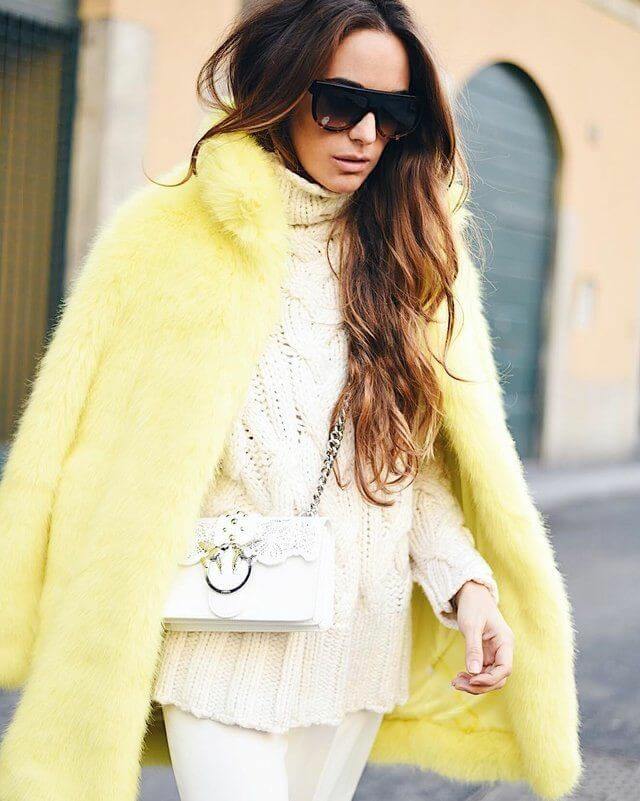 Jersey de punto amarillo pollo.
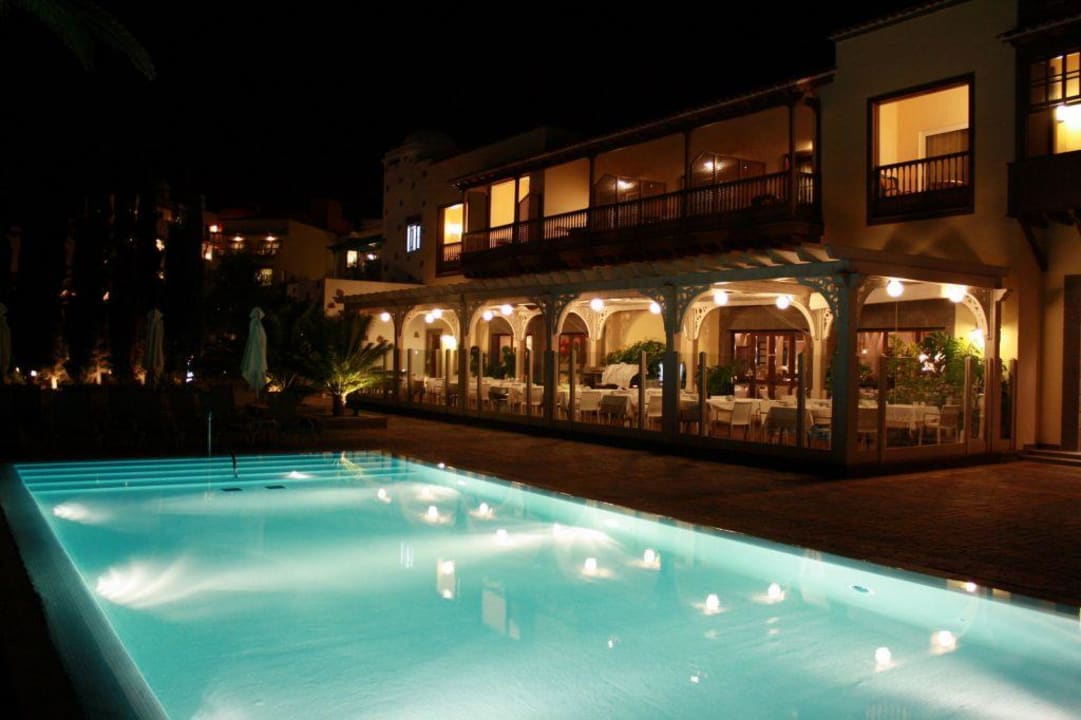 Kleiner Pool bei Nacht Lopesan Villa del Conde Resort & Thalasso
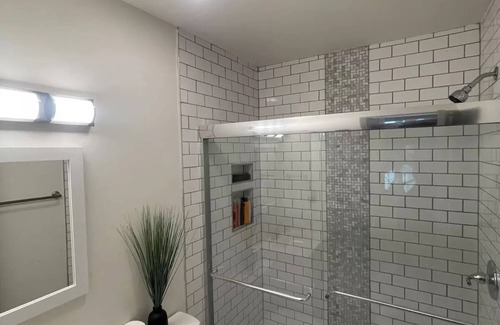 Blytheville Apartment | The Modern Hideaway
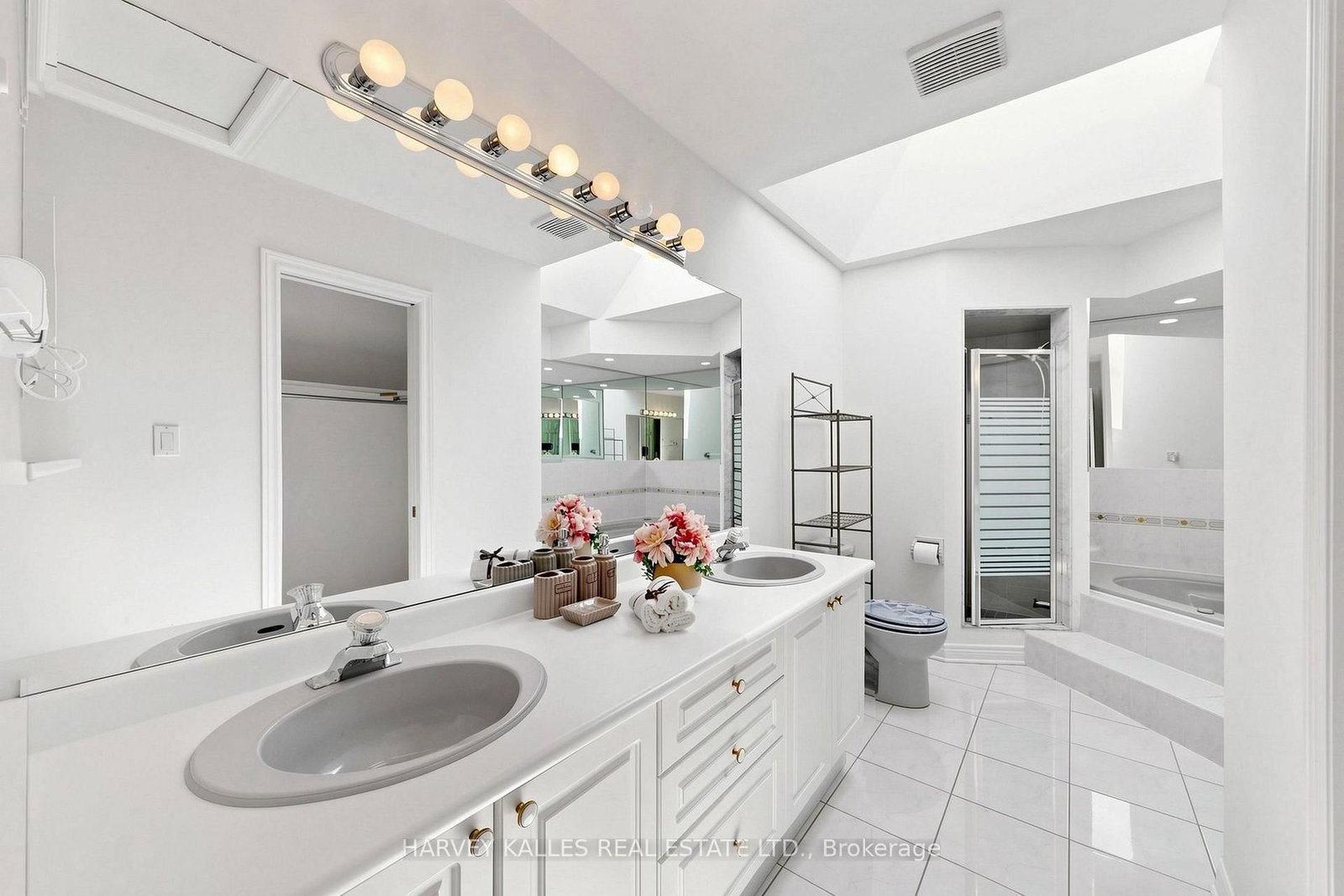 15 Woodville Avenue • Toronto, ON photo 20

* _WHAT YOU SHOULD DO_
The answer must consist solely of the lines from the one with "Kleiner Pool bei" through the final line of the data, each reproduced exactly and with pictures omitted.

* _TASK RESULT_
 Kleiner Pool bei Nacht Lopesan Villa del Conde Resort & Thalasso
 Blytheville Apartment | The Modern Hideaway
 15 Woodville Avenue • Toronto, ON photo 20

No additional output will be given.